**TASK PROMPT**
Starting with the line that contains "Maison récente 2025", copy each line exactly through the end of the listing, and omit all pictures.

**DATA SEGMENT**
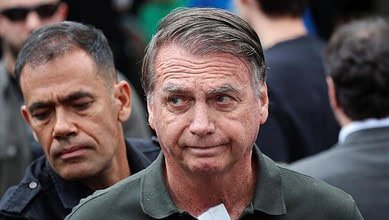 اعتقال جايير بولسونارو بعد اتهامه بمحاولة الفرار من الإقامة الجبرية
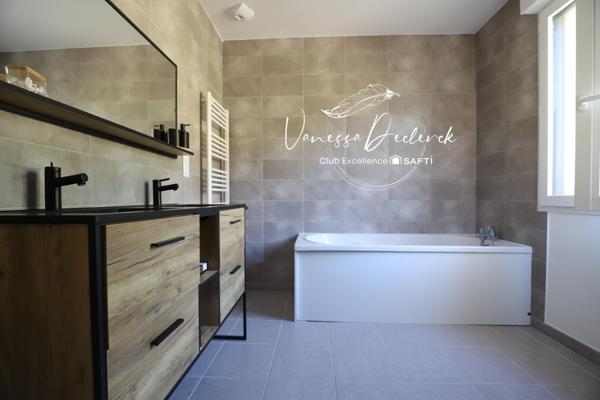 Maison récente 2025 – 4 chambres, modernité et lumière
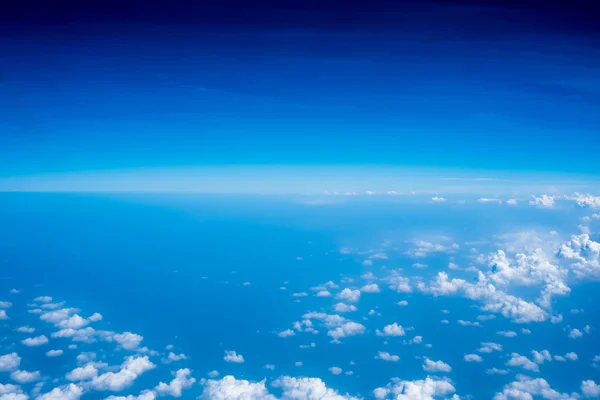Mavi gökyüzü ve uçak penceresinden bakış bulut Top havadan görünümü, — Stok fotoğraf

**EXPECTED OUTPUT**
 Maison récente 2025 – 4 chambres, modernité et lumière
Mavi gökyüzü ve uçak penceresinden bakış bulut Top havadan görünümü, — Stok fotoğraf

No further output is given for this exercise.